I know there are many of you out there who buy my books and for that I am grateful, I would be even more grateful, though, if I heard back  from you.

When you spend 99 cents on a Kindle version of one of my books you hopefully get several hours of entertainment and a story that holds your interest but have you ever thought about what goes into producing that book?

It takes months, or sometimes years, of work, plotting, researching, typing (I’m a well-known one-finger typist), editing, amending, re-editing, re-amending, preparing for publication, finding a cover picture and getting the finished piece onto Amazon.

It’s a lot of work but I love doing it and will continue to do so for as long as I am able. Hopefully, you, the readers, will continue to read what I write too but the only way I have of knowing if you like what I am producing is if you tell me.

When you buy a paperback or download an E-book Amazon gives you an opportunity to rate it and to make comments, can I ask you to please do so, that way I can work on what I’m getting right and stop doing anything you think I’m getting wrong.

Thanks for reading and enjoy.



Friday, January 1, 2016

Being resolute

It’s a new year and I want to start by wishing all who read this a very happy and prosperous new year.

In our house we don’t go in for partying much so, although we all stayed awake to welcome 2016, we were very quiet, reading, watching TV and playing computer games. That is more than can be said for next door’s dog who seemed to think midnight was a great time to run around the neighborhood for half an hour, barking his fool head off. Luckily no one was letting off fireworks to scare him.

Like many of you I guess, I have made several New Year’s resolutions and as usual I will no doubt be breaking some of them before January is out. I want to write this blog more frequently in 2016 but with my other commitments that may be one of the first resolutions to achieve failure. I also really want to lose about ten pounds.
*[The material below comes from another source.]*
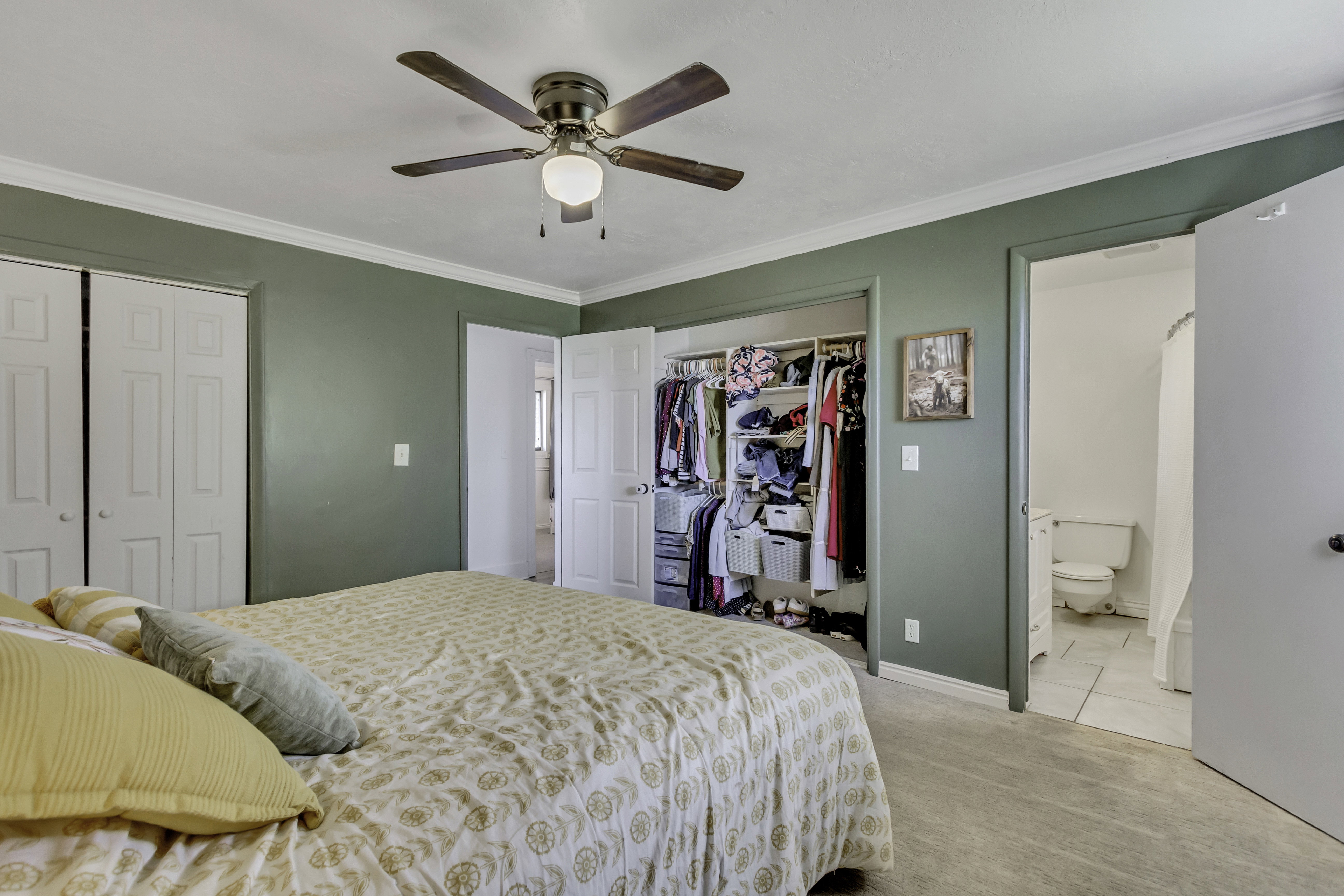 Carpeted room with a ceiling fan, crown molding, and two bi-fold closet doors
I’ve done it before but it always seems to sneak back on. My trouble is I have a great love of good cheese, chocolate and ice cream. Combine the last two and I’m in heaven but I think I’m going to have to try to curb the desire for them this time.

I’m also resolved to spend less time surfing the internet. Don’t get me wrong, I think search engines are the greatest tools and I spend long hours researching for my books. That is something I intend to continue but this year I am determined to try to avoid getting sidetracked into watching stuff that, while interesting, has no real relevance to the subject I’m looking for.

Speaking of my books, last year I promised much and only delivered part of it. This year I’m resolved to only give you one date. “Da”, a sequel to “The Lichfield Conspiracy”, will definitely be out by the end of January. I have the cover ready and am half finished on the final read through. “Cheating”, the latest Steph and Dean book, will also be out this year but I’m not promising when.

After that it’s on to the next project and there I can’t be so resolute. I have notes for another Steph and Dean book but I also have some research material for an historical saga that will be like “Weoley” but based in America. Which is it to be? I have no idea at this stage and would appreciate feed back on what the readers want if any of you care to give it.


That is about it for now. I’m resolved to read through at least another chapter of “Da” before lunch so, to avoid breaking that resolution, I need to get on with it. Have a great New Year and I’ll talk to you soon.